When making stock, you should always be sure to have your pot filled with water such that everything in it is completely submerged. After all, you wouldn't make coffee by floating some grounds along the top of some hot water, would you? Stock wants a chance to spend a bit of time up close and personal with the items you've chosen to flavor it. Now, you can make a respectable stock on the stovetop with a slow simmer, in a slow cooker over the course of most of a day, or in a pressure cooker in about an hour. However you choose to make it, understand that boiling isn't the goal. A slow simmer with, at most, some lazy little bubbles is what you are looking for. Trust me, patience will be rewarded.

Once your cook time (which does vary, but let your nose and tastebuds be your guide) has elapsed, let it all cool slightly (making stock is easy, but give it time and avoid burning yourself!) before removing all the solids and ladling it into clean quart jars. I like to set a metal mesh covered in cheesecloth into the opening of the jar to catch the very small particulate in the stock. Once you've sealed your jars with lids and allowed them to cool enough to be easily handled, you can move them to your refrigerator and use them for all manner of delicious dishes. Any time a recipe calls for water and you'd like to see a little more savory flavor, turn to your stock! When you want soup, having homemade stock on hand means you're minutes away. If you find you have a dish that is a bit dry and needs a flavor boost, there's no better way to do just that than adding a bit of this liquid treasure.

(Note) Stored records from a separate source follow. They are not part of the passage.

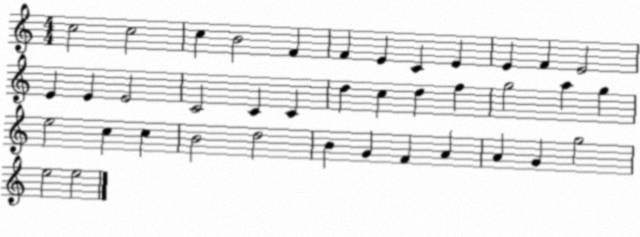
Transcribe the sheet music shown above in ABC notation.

X:1
T:Untitled
M:4/4
L:1/4
K:C
c2 c2 c B2 F F E C E E F E2 E E E2 C2 C C d c d f g2 a g e2 c c B2 d2 B G F A A G g2 e2 e2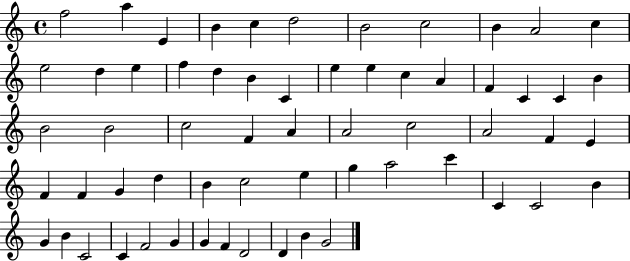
F5/h A5/q E4/q B4/q C5/q D5/h B4/h C5/h B4/q A4/h C5/q E5/h D5/q E5/q F5/q D5/q B4/q C4/q E5/q E5/q C5/q A4/q F4/q C4/q C4/q B4/q B4/h B4/h C5/h F4/q A4/q A4/h C5/h A4/h F4/q E4/q F4/q F4/q G4/q D5/q B4/q C5/h E5/q G5/q A5/h C6/q C4/q C4/h B4/q G4/q B4/q C4/h C4/q F4/h G4/q G4/q F4/q D4/h D4/q B4/q G4/h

And don't be afraid to try your hand at more than just chicken stock. While that's the variety I make most often, I also make beef stock by just saving the bones from my roasts until I have enough for a small batch. Seafood stock is easy when you save your shrimp shells and fish bones. And when I have a ham bone, I can't help but put together the intense stock it can provide. I also love making a rich vegetable stock, especially when my garden is nearing its overwhelming period in late August and early September. And, of course, there's nothing like a turkey carcass to make turkey stock a snap! I tend to make stock at least once a month and it's rare for me to not have at least a jar or two of it in the back of my refrigerator at all times. And, given that it's mostly made from items I have on hand and might otherwise toss, the cost involved boils (or simmers, rather!) down to the time I've invested in making it. And that, my friends, is time very well spent.

Comments

For New Englanders, lobster stock is amazing. Collect all the shells, legs, and bodies from your lobster dinner and simmer after picking out whatever meat you can get. (The "rib cages" have a surprising amount that most people neglect.) The leftovers can also be frozen to make stock later. Lobster stock with some sherry, herbs & spices, heavy cream and lobster meat will make an easy bisque. If you got some lobster bodies with roe in them, all the better -- blend them into your bisque for extra-rich color and texture.